BEVERLY HILLS—Beverly Hills resident, Teymour Khoubian, 65, pled guilty in court on Monday, November 19 to filing false tax returns and failing to report income earned on money that he placed in an offshore account. Khoubian was indicted on July 13, 2017 by authorities.

The United States Department of Justice reported on its website from 2006 through 2014, Khoubian impeded the administration of the internal revenue laws by filing false individual tax returns with the Internal Revenue Service (IRS) for tax years 2005 through 2010. He did not report his financial interest in multiple Israeli and German bank accounts or the interest income that he earned from those accounts.
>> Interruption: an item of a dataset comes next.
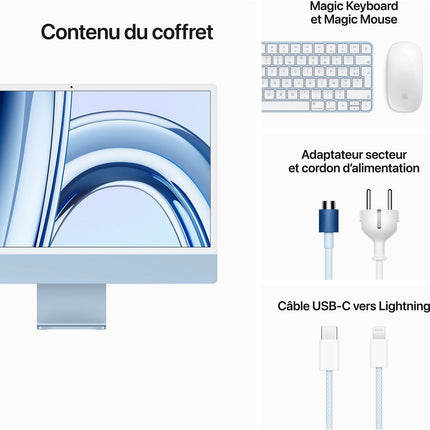Ordinateur Apple IMAC 24' M1 8Go RAM 512Go SSD Bleu Reconditionné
Khoubian falsely claimed refundable tax credits which he was not entitled, including the Earned Income Tax Credit, which is intended for low-to moderate-income working individuals. In 2008, he held approximately $20 million in assets in his undisclosed accounts. He filed a false 2011 tax return that underreported the interest income he earned from his Israeli accounts and continued to fail to disclose that he held an account in Germany. Khoubian filed false 2012 and 2013 Reports of Foreign Bank and Financial Accounts forms (FBARs) with the U.S. Department of Treasury that hid his German account. U.S. citizens, resident aliens, and permanent legal residents with a foreign financial interest in or signatory authority over a foreign financial account worth more than $10,000 are required to file an FBAR disclosing the account.

The defendant also provided his German bank with a copy of his Iranian passport and a residential address located in Israel to prevent the bank from disclosing the account to the IRS. He sent a letter to Bank Leumi falsely claiming he was living in Iran when, he resided in Beverly Hills, California.
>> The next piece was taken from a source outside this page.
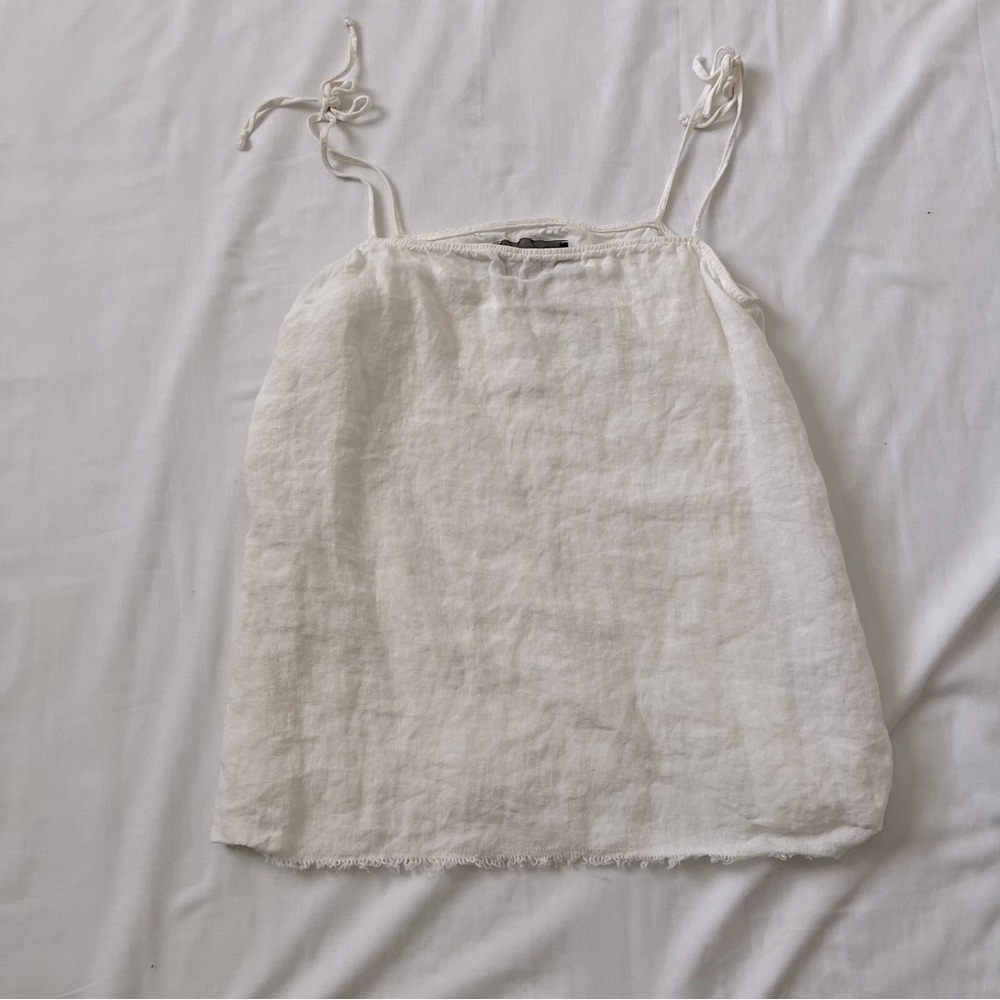 Reformation Linen Tie Strap Cami Top 6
Khoubian was charged with making false statements to an IRS Criminal Investigation (CI) special agent – denying that he owned an account in Germany between 2005 and 2010, stating that the German account was closed, when it was still open, and stating that the funds were transferred to the United States, when he transferred over $600,000 from his German account to his accounts in Israel.

As part of his sentence, Khoubian will pay a civil penalty estimated at $7.7 million and $600,000 to the IRS. Khoubian faces a statutory maximum sentence of three years in prison for corruptly endeavoring to impede the internal revenue laws and each count of filing a false return and five years in prison for each count of filing a false FBAR and making a false statement.